> **Your assignment**
Would you please return the lines of the entries below starting at the line that has "Female ballet dancer" and ending at the line that has "Close-up of thick", both included, exactly as they are?

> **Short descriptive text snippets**
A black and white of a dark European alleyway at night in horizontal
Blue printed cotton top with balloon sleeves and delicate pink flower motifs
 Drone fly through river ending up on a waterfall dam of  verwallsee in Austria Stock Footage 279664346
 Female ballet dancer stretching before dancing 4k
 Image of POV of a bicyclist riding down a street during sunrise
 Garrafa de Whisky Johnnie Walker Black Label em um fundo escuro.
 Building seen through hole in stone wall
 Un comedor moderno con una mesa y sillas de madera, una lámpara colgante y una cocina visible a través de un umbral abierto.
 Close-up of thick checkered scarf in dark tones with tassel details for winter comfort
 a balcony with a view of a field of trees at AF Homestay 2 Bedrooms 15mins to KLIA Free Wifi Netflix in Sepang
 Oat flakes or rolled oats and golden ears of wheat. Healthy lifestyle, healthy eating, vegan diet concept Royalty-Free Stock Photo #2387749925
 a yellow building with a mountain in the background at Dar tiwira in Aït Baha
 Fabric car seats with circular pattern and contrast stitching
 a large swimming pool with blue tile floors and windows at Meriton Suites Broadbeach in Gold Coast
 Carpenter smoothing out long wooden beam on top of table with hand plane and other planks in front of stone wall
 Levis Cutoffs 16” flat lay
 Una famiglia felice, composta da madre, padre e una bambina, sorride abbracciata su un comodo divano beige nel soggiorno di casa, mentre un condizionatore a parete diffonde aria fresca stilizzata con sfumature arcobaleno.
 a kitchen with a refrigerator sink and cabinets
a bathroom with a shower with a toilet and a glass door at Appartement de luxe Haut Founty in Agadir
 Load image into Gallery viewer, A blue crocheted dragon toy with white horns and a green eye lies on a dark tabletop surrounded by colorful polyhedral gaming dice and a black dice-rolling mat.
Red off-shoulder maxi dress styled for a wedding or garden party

> **Completed task**
 Female ballet dancer stretching before dancing 4k
 Image of POV of a bicyclist riding down a street during sunrise
 Garrafa de Whisky Johnnie Walker Black Label em um fundo escuro.
 Building seen through hole in stone wall
 Un comedor moderno con una mesa y sillas de madera, una lámpara colgante y una cocina visible a través de un umbral abierto.
 Close-up of thick checkered scarf in dark tones with tassel details for winter comfort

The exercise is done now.